Thursday, 26 July 2007

Salik Surprises

So much has been written about Dubai’s congestion charge, Salik, that it’s difficult to contemplate adding to what’s already out there without a certain sense of resignation and perhaps a touch of fear that it’s just going to be a repetition of the considerable volume of incredulity, indignation, anger and exasperated invective that has peppered so many blogs over the past couple of months. Even the media, ever-aware of the burden of governmental disapproval, has tried to reflect the broad public dislike of the scheme. Strangely, few of the people who have complained appear to have been motivated to do so by the financial impact: it has been the apparent lack of a clear objective or a well-communicated plan of any sort that has drawn much of the negative comment in both on and off-line media. The response of the RTA, to the broad public concern has, at its least helpful, been to tell the public to stow it because they’re ‘not traffic experts’. The flow of information regarding the scheme and the ‘traffic management objectives’ that we’re told about as we hold for the Salik call centre to finish ‘helping’ other callers has hardly ever been more than a grudging trickle.

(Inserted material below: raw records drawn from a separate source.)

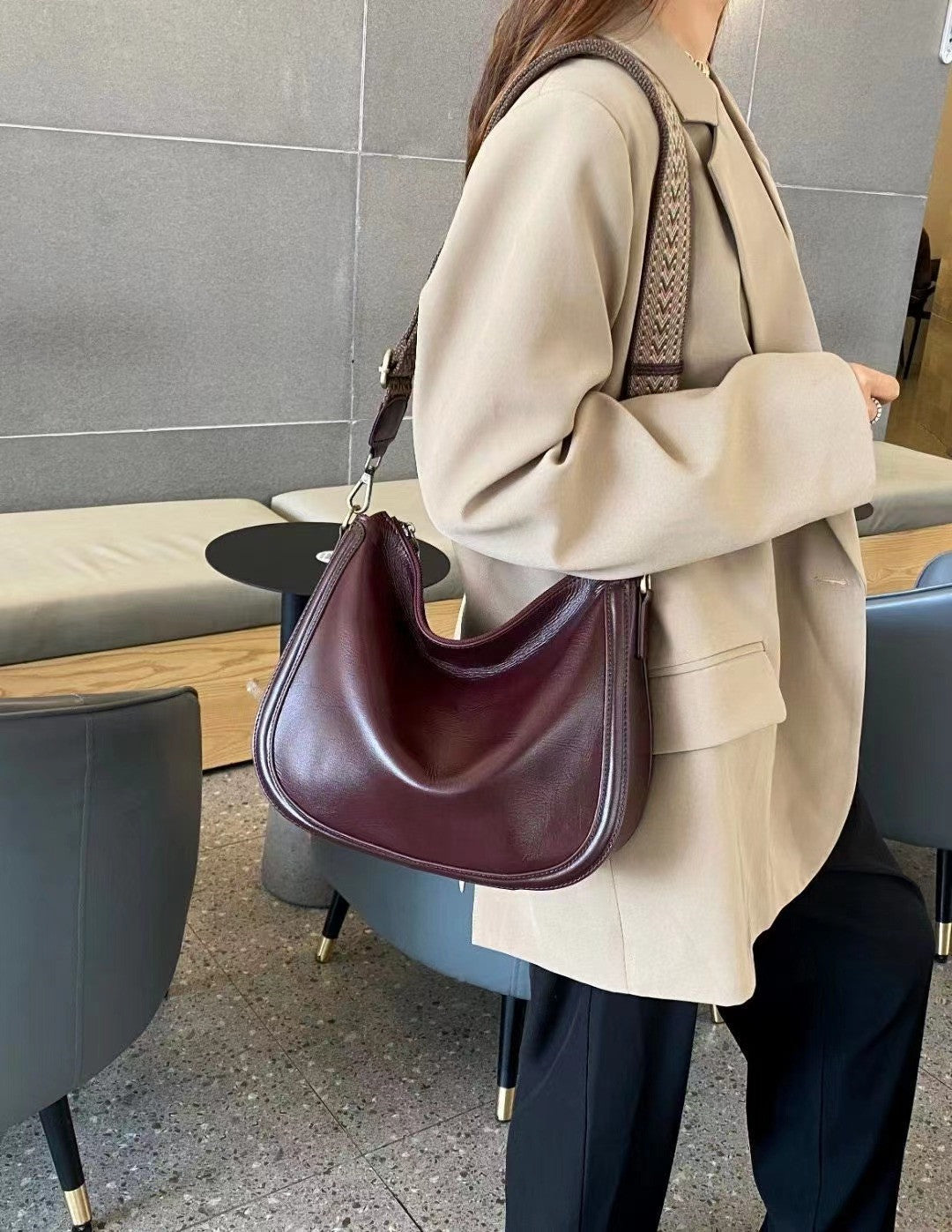 Stylish and Comfortable Crossbody Bag for Women - Perfect for Travel, Shopping, and Everyday Use
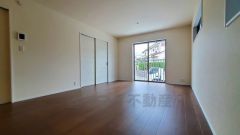 大きな窓のあるリビングは、陽光あふれる明るい空間です。居心地良く、ご家族皆がゆったり寛げる憩いの空間となりそうです。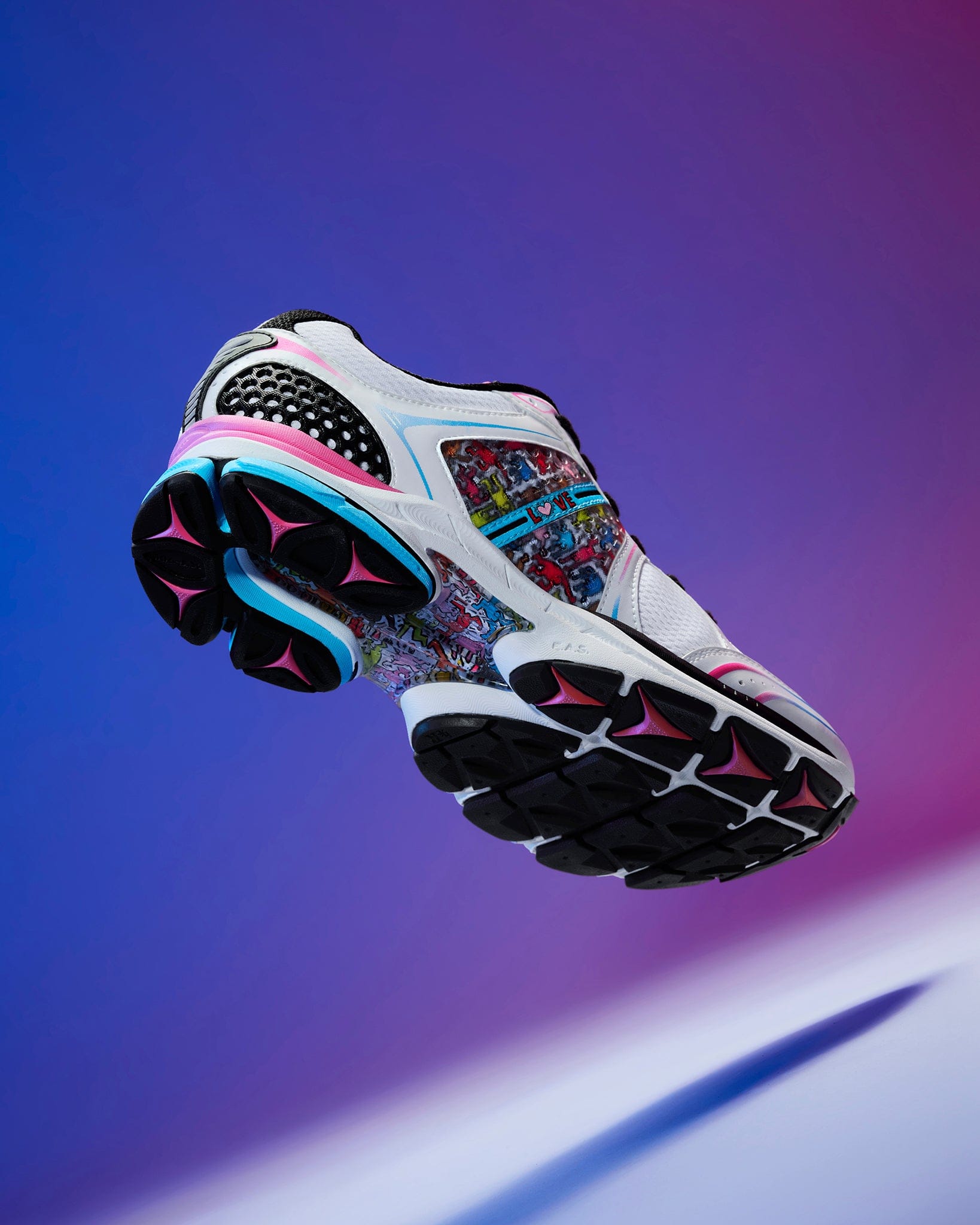 Saucony x Keith Haring ProGrid Triumph 4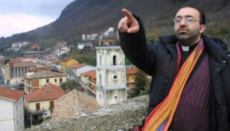 În Italia, un preot al BRC a propus să facă o iesle cu „fetița-Iisus”.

I am one of those people whose mobile numbers were ‘given wrongly’: I still have the copy of the form in which my mobile number is given with perfect clarity. I corrected the error over the ‘phone last week when I got through to their call centre. Today I got an SMS telling me that my balance of Dhs 2 was insufficient and that I should top up or face a fine. Now, forgive me, but I thought that one of the ideas was that you’d get an SMS warning you that your balance was low. Apparently not.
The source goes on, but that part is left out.